Тамерлан Агузаров, председатель Верховного суда Северной Осетии:

— У Вас есть вопросы к Кулаеву?

— Нет.

— Присаживайтесь. Объявляется перерыв до 15 часов.

Тамерлан Агузаров, председатель Верховного суда Северной Осетии:

— Продолжаем судебное заседание. Цогоев. Имя, отчество.

— Казбек Ахполатович.

— Число, месяц, год рождения.

— 28 апреля 59 года.

— Место жительства?

— Беслан, Бзыкова 13 квартира 28.

— Место работы.

— «Салют Златоглавая».

— Казбек Ахполатович, суд предупреждает Вас об ответственности за дачу ложных показаний и за отказ от дачи показаний. Пожалуйста, распишитесь у секретаря. Пожалуйста.
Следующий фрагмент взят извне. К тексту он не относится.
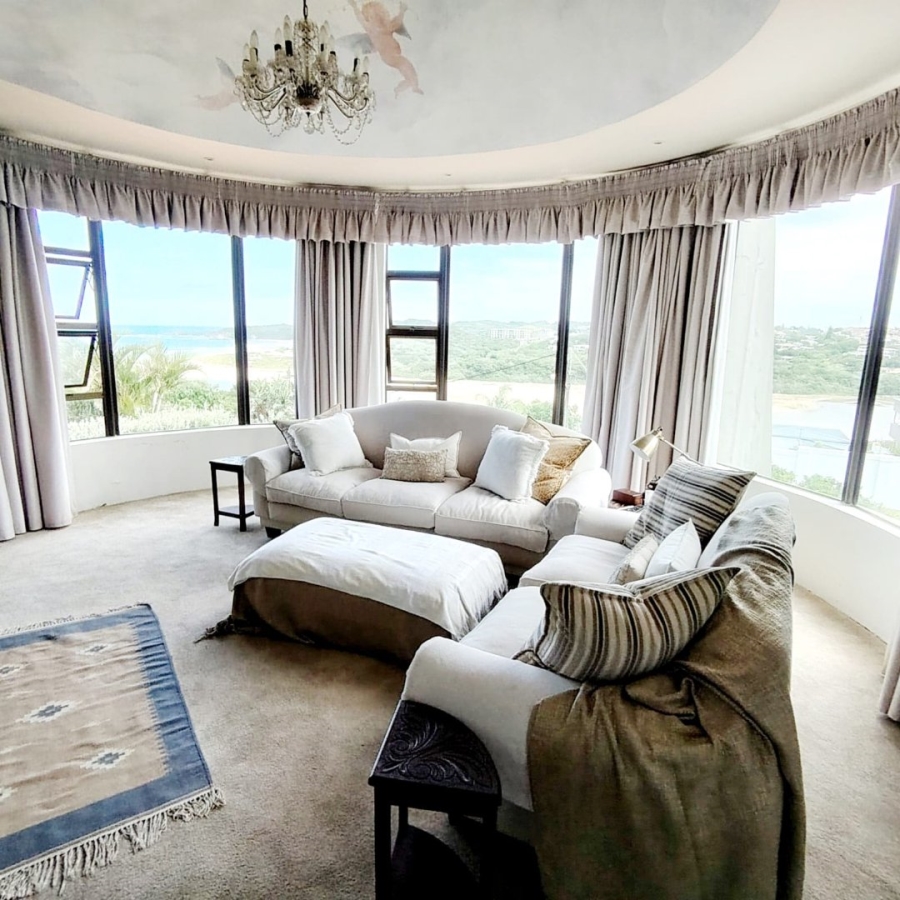 5 Bedroom Property for Sale in Beacon Bay Eastern Cape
Заместитель прокурора РСО-Алания Аслан Черчесов:

— Казбек Ахполатович, ранее вы Кулаева видели?

— Нет.

— Кто у Вас пострадал в результате теракта?

— Жена и четверо детей.

— Поподробнее, пожалуйста. Они учились там?

— Да, они учились в первой школе.

— Какого возраста были дети.

— Дочке было 14 лет, мальчику было 12 лет, другому было 11 лет, и самому младшему было 8 лет.
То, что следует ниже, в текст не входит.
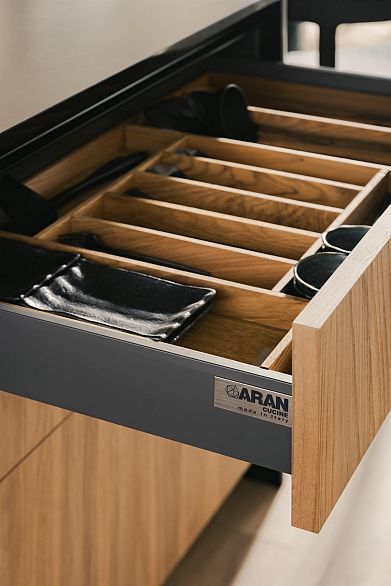 214 5060 James Street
— О действиях Кулаева Вам что-нибудь известно?

— Нет, ничего.

— Со слов других заложников?

— Да нет. Ничего не слышал.

— Об обстоятельствах гибели членов Вашей семьи, как они погибли?

— Они погибли, возле кольца они были там. И после второго взрыва они там были.

Тамерлан Агузаров, председатель Верховного суда Северной Осетии:

— Они все погибли?

— Да. Один задохнулся, крыша там горела.

Заместитель прокурора РСО-Алания Аслан Черчесов:

— Сами хотите что-нибудь дополнить, прояснить ситуацию как-то?

— Я ничего не хочу.

Тамерлан Агузаров, председатель Верховного суда Северной Осетии:

— У потерпевших есть вопросы?

— Нет.

— Казбек Ахполатович, Вы можете задать ему вопрос, у Вас есть вопросы к нему?

— Я не хочу с ним разговаривать.

— Присаживайтесь. Суду Вы хотите что-нибудь сказать?

— Нет, ничего не хочу.

— Присаживайтесь. Нузаева. Имя, отчество.

— Залина Гаезовна.

— Число, месяц, год рождения.

— 12 января 62 года.

— Место жительства?

— Беслан, переулок школьный 37, квартира 11.

— Место работы.

— Домохозяйка.

— Залина Гаезовна, суд предупреждает Вас об ответственности за дачу ложных показаний и за отказ от дачи показаний. Пожалуйста, распишитесь у секретаря. Пожалуйста.

Заместитель прокурора РСО-Алания Аслан Черчесов:

— Залина Гаезовна, сами вы ранее Кулаева видели?

— Нет.

— Вы были в заложниках?

— Нет.

— Кто из членов Вашей семьи оказался в заложниках?

— Дочь, младшая.

— Что с ней стало?

— Кацанова Алана Муратовна, погибла.

— При каких обстоятельствах она погибла? Вам что-нибудь известно?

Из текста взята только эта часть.